Thursday, August 16, 2012

j'me back!

And I got a nasty case of Frenglish. I employed this dialect all over the French Riviera as a gesture of good will and received many gestures in return. Mais oui!  International diplomacy accomplished with my ass hanging out. Which is how it's done in France. 

Above is a photo I did not take of Vielle Ville Monaco, Les Rocher, which may be loosely translated as Place Of The Most Celebrated Facilities Management Folk In The World.  Except For The Ones Down The Plage At Hotel Du Cap Eden Roc. They paint all those trees and wash the rocks every jour. I did not take the photo because my camera broke one day into this outlandishly picturesque holiday (merde!) and because, duh, I was in it. You're going to have to zoom the bejeezus out of the shrubbery to the left of the medieval crazy-ass Escher-esque rocher/castle because, after hiking along a perfectly manicured 3.6k walkway etched into the cliffs above the crystalline bluegreen sloshing on the rocks Med with stone steps cut into the cliff at various points for the purpose of dipping into the sea ala mermaid with pool ladders built into the rocks so I didn't have to wonder how the hell I was going to get out after executing a pretty sweet canonball on the way in and looking at villas built excitingly at the very tip edge of a 500 meter sheer cliff while floating on my back like Grace Kelly, which is to say, elegantly -- after that, Prince Rainier and I brought our picnic fixings in a plastic sack to an out-of-the-way battlement part way down the wall facing the sea (above) and parked it on a bench. Just our royal selves, salty, sandy and sublime, and some preserved canons watching the sun go down on wavelets and yachts. Pretty effin idyllic.

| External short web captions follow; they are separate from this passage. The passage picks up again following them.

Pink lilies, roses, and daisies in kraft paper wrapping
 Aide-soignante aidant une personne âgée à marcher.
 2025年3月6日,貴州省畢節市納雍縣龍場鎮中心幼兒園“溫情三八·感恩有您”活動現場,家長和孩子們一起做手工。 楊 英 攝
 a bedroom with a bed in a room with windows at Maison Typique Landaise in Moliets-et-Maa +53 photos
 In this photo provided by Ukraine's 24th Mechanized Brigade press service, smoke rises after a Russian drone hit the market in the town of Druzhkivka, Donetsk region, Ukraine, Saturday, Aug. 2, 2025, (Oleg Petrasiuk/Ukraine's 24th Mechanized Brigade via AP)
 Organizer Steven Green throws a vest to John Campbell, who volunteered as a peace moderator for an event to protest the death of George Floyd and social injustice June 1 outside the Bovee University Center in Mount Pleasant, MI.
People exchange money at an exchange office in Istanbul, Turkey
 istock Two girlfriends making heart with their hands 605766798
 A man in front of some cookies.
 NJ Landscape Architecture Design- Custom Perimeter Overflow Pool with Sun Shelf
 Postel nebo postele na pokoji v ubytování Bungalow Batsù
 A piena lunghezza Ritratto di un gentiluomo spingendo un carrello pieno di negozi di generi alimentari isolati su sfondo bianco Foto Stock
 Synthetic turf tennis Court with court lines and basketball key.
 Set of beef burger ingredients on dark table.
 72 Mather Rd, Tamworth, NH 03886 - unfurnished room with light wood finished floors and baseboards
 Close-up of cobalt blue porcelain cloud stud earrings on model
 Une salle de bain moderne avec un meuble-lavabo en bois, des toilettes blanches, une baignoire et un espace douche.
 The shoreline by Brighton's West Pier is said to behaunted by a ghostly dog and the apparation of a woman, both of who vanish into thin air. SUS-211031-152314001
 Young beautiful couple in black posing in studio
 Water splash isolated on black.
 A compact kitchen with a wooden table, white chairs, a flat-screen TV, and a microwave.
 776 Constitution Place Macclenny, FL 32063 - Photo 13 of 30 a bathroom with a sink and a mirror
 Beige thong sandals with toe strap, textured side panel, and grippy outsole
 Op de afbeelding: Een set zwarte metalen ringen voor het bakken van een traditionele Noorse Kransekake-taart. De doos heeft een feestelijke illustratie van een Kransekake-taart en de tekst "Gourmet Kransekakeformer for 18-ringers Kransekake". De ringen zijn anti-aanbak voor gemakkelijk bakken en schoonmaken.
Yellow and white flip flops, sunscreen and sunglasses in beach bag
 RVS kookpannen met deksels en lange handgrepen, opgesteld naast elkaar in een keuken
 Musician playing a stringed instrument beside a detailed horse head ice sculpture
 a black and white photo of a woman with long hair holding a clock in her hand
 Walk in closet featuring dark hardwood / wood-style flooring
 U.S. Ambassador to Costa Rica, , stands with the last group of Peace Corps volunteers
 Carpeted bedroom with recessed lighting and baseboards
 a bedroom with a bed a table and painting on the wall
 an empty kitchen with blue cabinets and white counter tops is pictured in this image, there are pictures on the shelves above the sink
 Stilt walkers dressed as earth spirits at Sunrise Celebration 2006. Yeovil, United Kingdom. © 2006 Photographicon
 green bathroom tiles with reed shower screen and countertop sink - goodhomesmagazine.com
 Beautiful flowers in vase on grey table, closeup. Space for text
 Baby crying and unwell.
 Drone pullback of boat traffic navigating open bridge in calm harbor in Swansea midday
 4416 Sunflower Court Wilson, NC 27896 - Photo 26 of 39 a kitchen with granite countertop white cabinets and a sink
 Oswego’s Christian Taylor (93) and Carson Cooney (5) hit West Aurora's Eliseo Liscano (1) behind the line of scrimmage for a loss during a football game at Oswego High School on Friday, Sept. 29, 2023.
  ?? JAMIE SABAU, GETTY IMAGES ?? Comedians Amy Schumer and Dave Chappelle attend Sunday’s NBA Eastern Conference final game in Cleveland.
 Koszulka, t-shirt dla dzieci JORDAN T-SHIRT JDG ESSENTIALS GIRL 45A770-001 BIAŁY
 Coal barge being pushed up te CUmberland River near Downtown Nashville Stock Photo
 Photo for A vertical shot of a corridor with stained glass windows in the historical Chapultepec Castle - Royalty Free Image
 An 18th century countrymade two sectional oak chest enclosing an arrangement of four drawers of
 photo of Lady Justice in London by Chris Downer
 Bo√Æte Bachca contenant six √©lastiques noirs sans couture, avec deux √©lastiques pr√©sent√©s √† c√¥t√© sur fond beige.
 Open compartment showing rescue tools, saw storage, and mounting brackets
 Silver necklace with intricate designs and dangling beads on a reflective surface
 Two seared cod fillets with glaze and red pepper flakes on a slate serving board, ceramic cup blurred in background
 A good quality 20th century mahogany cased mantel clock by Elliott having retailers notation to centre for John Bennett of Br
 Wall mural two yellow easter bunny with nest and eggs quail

As we had forgotten the Swarovski crystal goblets, we emptied our water bottles and decanted the vin de pays (from June, a very good month!) into them.  Just as we were knocking back a toast to la bon vivant, a family of tourists -- mom, dad and two teenage daughters -- pale, lumpy, footsore and uncomfortable in dressy clothes with creases still in them they'd bought to visit schmancy Monaco stumbled on our back alley bistro.  The look of horror, the shielding of the daughters, the tight-lipped and silent hurrying by with eyes averted!  They came all the way from Draining Whitlow, bought new clothes and expected to show the girls how the quality live in the glistening world of Bugatis and tans, and what's all this?  Coupla damp-assed degenerates swilling rocket fuel from dented water bottles!  The Prince and I, we tried to be friendly. Raised our plastic vessels and hollered out, Bee-en ven-you Monaco! Have an effin bon jur! They obviously did not speak French.